Word for word, write the lines below out again, with no pictures.

** Data segment follows **

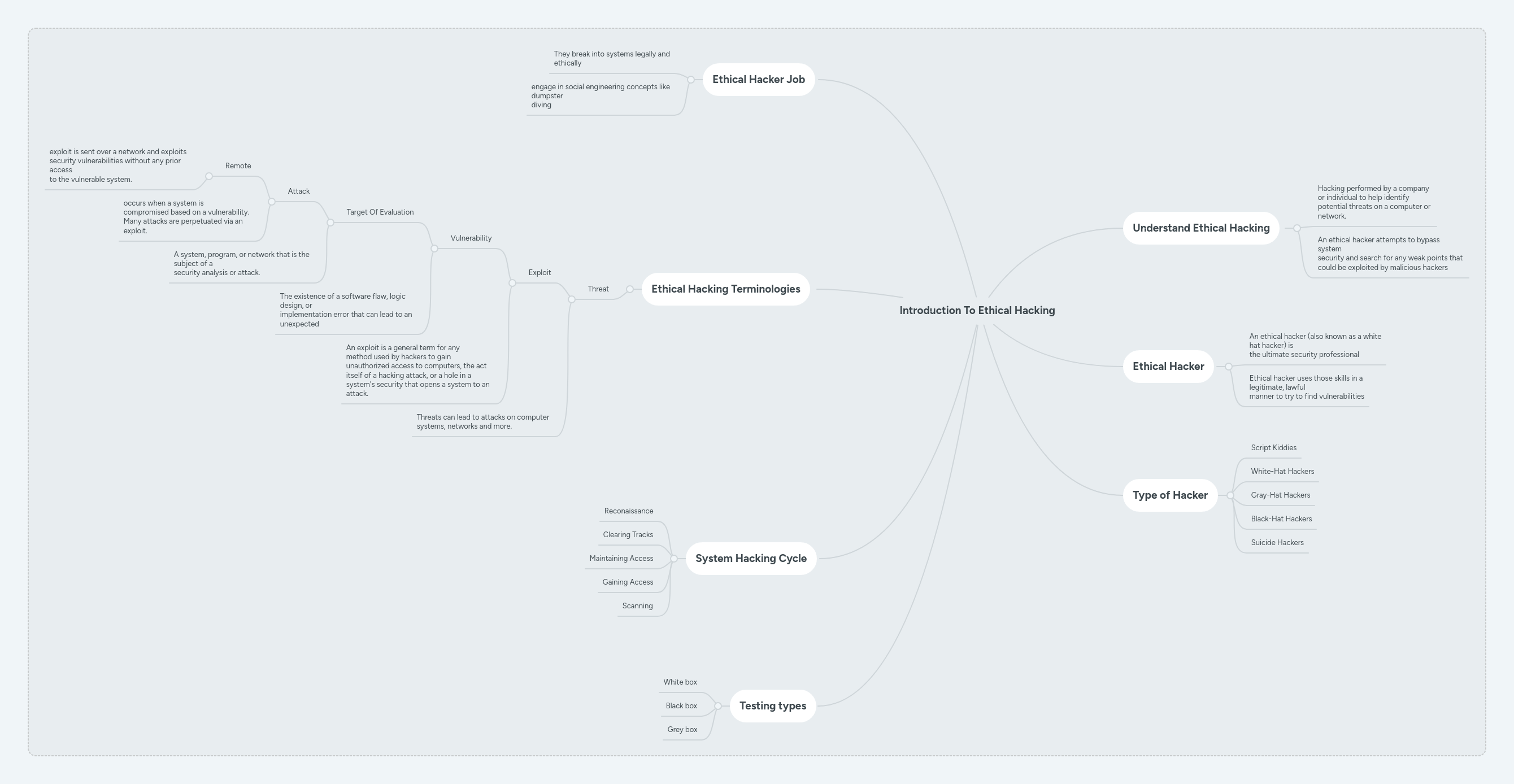 Introduction To Ethical Hacking Tutorial Mind Luster - Vintage Patterns - Stunning 8K Collection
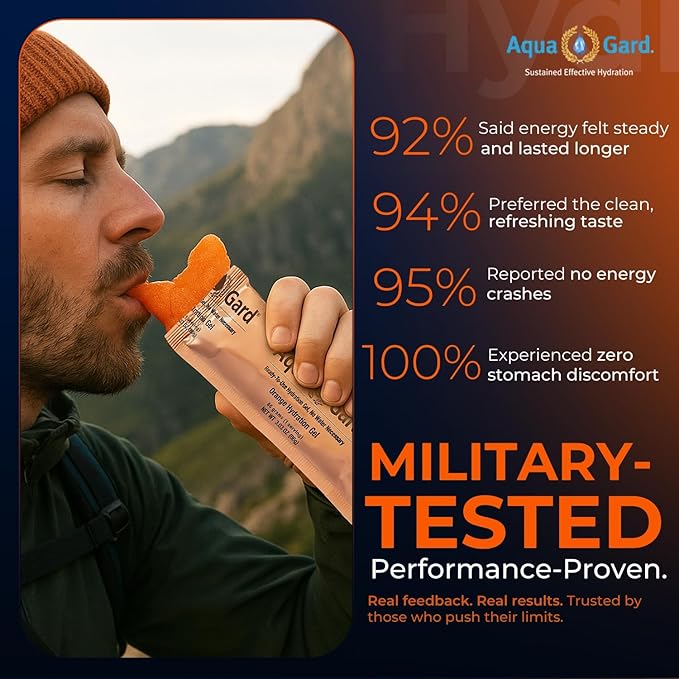 Aqua-Gard Emergency Water Gel - Survival Water Pouches for Disaster Relief | 200% More Effective Hydration | Emergency Water Pouches for Water Emergency Kit Supply for Extreme Conditions (10 Pack)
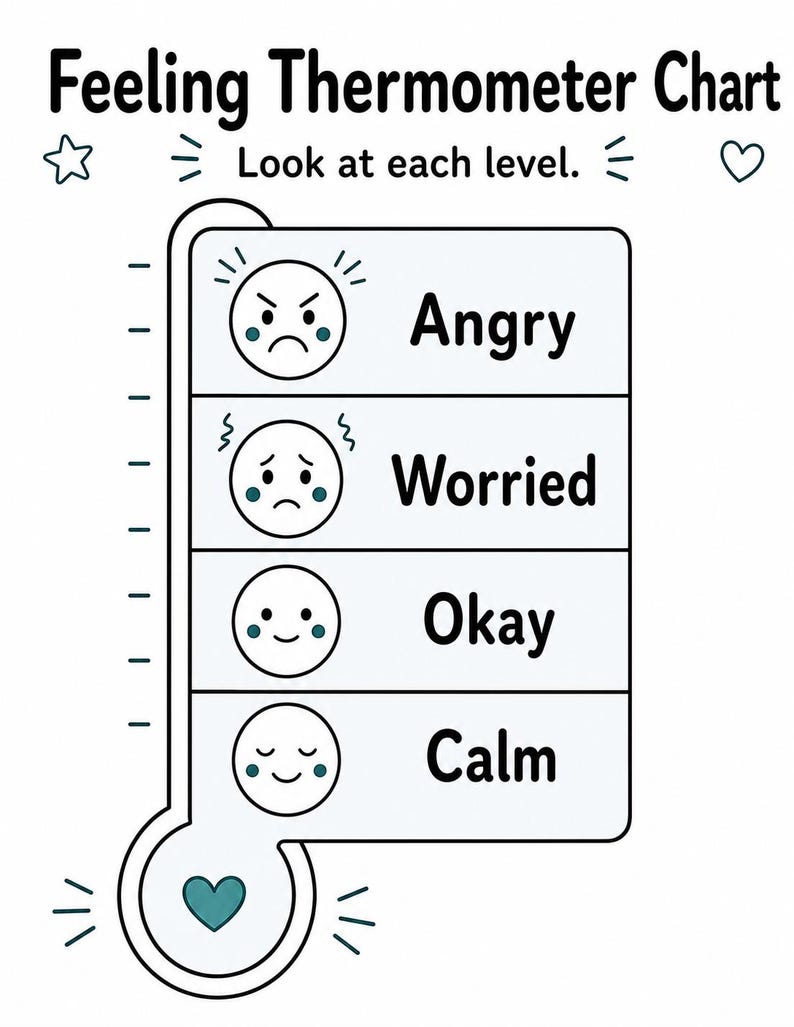 My Feeling Thermometer | Feelings Thermometer | Printable PDF | Digital Download image 3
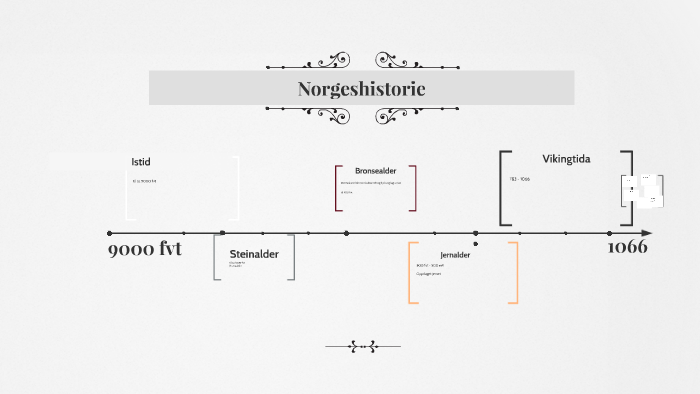 Norgeshistorie by Tone Langeid on Prezi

** End of Data segment **

• [Response box]
 Introduction To Ethical Hacking Tutorial Mind Luster - Vintage Patterns - Stunning 8K Collection
 Aqua-Gard Emergency Water Gel - Survival Water Pouches for Disaster Relief | 200% More Effective Hydration | Emergency Water Pouches for Water Emergency Kit Supply for Extreme Conditions (10 Pack)
 My Feeling Thermometer | Feelings Thermometer | Printable PDF | Digital Download image 3
 Norgeshistorie by Tone Langeid on Prezi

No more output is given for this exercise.